Key Concepts and Formulas

• Lattice Points: Points with integer coordinates are called lattice points or integral points.
• Inequalities for Regions: The interior of a region bounded by lines can be described using strict inequalities ($<$ or $>$).
• Sum of First n Natural Numbers: The sum of the first $n$ natural numbers is given by the formula: $S_n = \frac{n(n+1)}{2}$

Step-by-Step Solution

Step 1: Define the Triangle and its Boundaries

We are given a triangle with vertices at $(0, 0)$, $(0, 41)$, and $(41, 0)$. We need to find the number of lattice points in the interior of this triangle. The sides of the triangle are defined by the following lines:

• $x = 0$ (y-axis)
• $y = 0$ (x-axis)
• $x + y = 41$ (line connecting $(0, 41)$ and $(41, 0)$)

Step 2: Define the Inequalities for the Interior of the Triangle

For a point $(x, y)$ to lie in the interior of the triangle, it must satisfy the following strict inequalities:

• $x > 0$ (to the right of the y-axis)
• $y > 0$ (above the x-axis)
• $x + y < 41$ (below the line $x + y = 41$)

Since we are looking for integer coordinates, $x$ and $y$ must be integers.

Step 3: Determine the Range of Possible x Values

Since $x$ must be a positive integer, the smallest possible value for $x$ is $1$. We also have the constraint $x + y < 41$. Since $y > 0$, the smallest possible integer value for $y$ is $1$. Therefore, $x + 1 < 41$, which means $x < 40$. Since x must be an integer, $x \le 39$. Thus, the possible integer values for $x$ are $1, 2, 3, ..., 39$.

Step 4: Determine the Range of Possible y Values for Each x

For each value of $x$, we need to find the possible integer values of $y$ that satisfy the inequalities. We know $y > 0$ and $x + y < 41$, which means $y < 41 - x$. Combining these, we have $0 < y < 41 - x$. Since y must be an integer, we have $1 \le y \le 40 - x$.

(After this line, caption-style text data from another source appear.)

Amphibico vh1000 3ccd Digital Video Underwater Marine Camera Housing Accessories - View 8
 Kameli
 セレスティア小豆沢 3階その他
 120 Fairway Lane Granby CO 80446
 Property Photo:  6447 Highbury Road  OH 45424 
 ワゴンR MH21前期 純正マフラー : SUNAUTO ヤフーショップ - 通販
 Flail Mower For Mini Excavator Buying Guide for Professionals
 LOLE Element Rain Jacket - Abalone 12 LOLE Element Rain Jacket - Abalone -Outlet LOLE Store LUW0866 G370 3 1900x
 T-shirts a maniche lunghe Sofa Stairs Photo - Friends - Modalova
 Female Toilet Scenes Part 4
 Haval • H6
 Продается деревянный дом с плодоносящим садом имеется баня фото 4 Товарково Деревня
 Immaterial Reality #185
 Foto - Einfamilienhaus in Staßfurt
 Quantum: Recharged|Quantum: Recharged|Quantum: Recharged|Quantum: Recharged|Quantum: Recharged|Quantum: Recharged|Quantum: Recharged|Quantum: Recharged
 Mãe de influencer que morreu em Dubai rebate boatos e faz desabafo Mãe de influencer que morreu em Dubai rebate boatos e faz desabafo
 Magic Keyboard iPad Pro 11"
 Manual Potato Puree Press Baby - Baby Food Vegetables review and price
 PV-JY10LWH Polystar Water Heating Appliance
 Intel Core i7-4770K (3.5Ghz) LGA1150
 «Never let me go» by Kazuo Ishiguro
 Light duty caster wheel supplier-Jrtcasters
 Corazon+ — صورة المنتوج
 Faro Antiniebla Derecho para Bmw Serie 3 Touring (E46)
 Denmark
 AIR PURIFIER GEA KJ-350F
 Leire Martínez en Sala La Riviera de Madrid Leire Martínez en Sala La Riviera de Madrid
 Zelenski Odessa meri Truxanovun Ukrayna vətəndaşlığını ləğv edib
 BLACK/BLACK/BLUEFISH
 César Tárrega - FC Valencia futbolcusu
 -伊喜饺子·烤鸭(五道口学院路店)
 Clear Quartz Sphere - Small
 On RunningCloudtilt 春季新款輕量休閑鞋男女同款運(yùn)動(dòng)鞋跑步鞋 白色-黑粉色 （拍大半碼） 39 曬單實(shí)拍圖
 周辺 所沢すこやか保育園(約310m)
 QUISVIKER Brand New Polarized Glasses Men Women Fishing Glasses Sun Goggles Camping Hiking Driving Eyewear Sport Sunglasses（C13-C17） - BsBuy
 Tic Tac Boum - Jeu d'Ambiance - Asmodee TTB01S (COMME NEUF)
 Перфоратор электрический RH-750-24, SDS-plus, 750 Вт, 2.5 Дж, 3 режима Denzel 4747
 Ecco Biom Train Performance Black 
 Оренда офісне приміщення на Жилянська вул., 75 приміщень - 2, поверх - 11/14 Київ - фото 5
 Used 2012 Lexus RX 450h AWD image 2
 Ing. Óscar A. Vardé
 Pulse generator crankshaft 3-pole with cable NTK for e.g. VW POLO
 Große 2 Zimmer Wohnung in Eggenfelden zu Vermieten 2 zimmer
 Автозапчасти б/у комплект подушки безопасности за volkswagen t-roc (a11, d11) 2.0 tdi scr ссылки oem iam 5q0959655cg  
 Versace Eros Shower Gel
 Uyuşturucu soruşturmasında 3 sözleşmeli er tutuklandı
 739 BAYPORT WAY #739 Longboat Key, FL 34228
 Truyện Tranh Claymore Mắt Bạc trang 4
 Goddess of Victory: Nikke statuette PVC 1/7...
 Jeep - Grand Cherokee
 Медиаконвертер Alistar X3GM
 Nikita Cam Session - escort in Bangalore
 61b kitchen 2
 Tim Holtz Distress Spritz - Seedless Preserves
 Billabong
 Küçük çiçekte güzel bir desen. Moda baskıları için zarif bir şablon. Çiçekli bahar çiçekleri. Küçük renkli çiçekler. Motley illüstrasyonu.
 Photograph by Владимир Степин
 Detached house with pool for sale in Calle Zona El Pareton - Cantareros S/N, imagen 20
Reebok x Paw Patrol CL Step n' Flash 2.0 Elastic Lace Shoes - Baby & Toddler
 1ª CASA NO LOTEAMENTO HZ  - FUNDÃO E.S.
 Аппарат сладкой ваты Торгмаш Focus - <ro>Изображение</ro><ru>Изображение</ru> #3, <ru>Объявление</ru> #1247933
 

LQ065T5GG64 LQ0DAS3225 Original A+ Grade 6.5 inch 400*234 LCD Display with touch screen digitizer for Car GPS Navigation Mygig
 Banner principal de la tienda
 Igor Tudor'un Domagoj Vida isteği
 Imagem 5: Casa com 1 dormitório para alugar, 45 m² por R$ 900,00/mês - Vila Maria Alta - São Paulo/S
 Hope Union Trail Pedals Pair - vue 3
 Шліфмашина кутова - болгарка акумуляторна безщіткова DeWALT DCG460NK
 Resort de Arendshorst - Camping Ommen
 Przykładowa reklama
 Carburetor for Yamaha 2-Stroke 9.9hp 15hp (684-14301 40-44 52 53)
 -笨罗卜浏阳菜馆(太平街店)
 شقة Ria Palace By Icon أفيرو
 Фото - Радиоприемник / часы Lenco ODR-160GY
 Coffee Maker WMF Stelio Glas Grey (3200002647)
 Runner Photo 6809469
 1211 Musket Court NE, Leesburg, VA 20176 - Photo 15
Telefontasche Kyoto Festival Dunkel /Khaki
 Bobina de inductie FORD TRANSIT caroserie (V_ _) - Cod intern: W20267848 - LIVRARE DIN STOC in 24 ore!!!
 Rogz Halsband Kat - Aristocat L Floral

Step 5: Count the Number of Possible y Values for Each x

For each integer value of $x$ from $1$ to $39$, the number of possible integer values for $y$ is $(40 - x) - 1 + 1 = 40 - x$.

• If $x = 1$, then $1 \le y \le 39$, so there are $39$ possible values for $y$.
• If $x = 2$, then $1 \le y \le 38$, so there are $38$ possible values for $y$.
• If $x = 3$, then $1 \le y \le 37$, so there are $37$ possible values for $y$.
• ...
• If $x = 39$, then $1 \le y \le 1$, so there is $1$ possible value for $y$.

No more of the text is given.